DUBAI - Oil-rich Abu Dhabi will consider raising more money via the bond markets to protect its finances from the impact of low oil prices, it said in a statement, after raising $10 billion in bonds this year.
Abu Dhabi's fiscal balance depends almost entirely on revenue from hydrocarbon royalties and taxes and dividends received from ADNOC, its national oil company.
With the highest credit rating in the Gulf region, Abu Dhabi attracted strong demand from investors for its fundraising this year, which was split into a $7 billion bond in April and a $3 billion re-opening of the same deal last month.
"The emirate's net asset position, which exceeds 200% of GDP despite the recent oil price decrease, ensures that Abu Dhabi continues to be in a strong position to leverage market windows," Abu Dhabi's department of finance said in the statement on Wednesday.
"We will continue to leverage such windows as part of our mandate to safeguard the wealth of the emirate," Jassim Mohammed Buatabh Al Zaabi, chairman of the department, said.
Sources had told Reuters earlier this year that Abu Dhabi planned to engage global fixed income investors on a more regular basis this year because of low oil prices.

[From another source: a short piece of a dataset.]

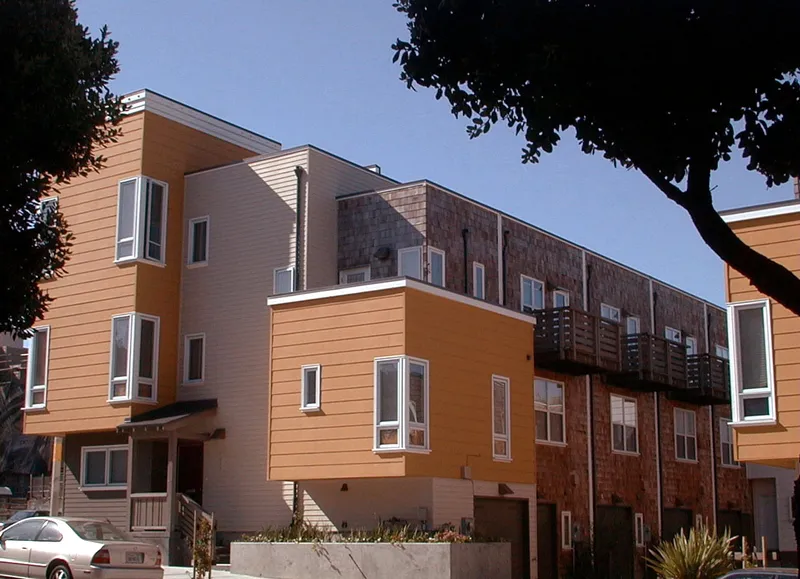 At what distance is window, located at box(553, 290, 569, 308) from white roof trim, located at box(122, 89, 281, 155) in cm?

S&P Global Ratings said last month Abu Dhabi's real gross domestic product is expected to contract by 7.5% this year because of lower oil production and the impact of the new coronavirus outbreak, and its fiscal deficit will rise to about 12% of GDP this year from 0.3% in 2019.
For the $7 billion bond in April, Abu Dhabi attracted around $45 billion in orders. The $3 billion reopening, or tap, of that bond last month was seven times oversubscribed, the department of finance said.
Abu Dhabi said it would use the proceeds of the bond tap "to accelerate non-hydrocarbon sector growth with a view to building a resilient, sustainable post-COVID-19 economy."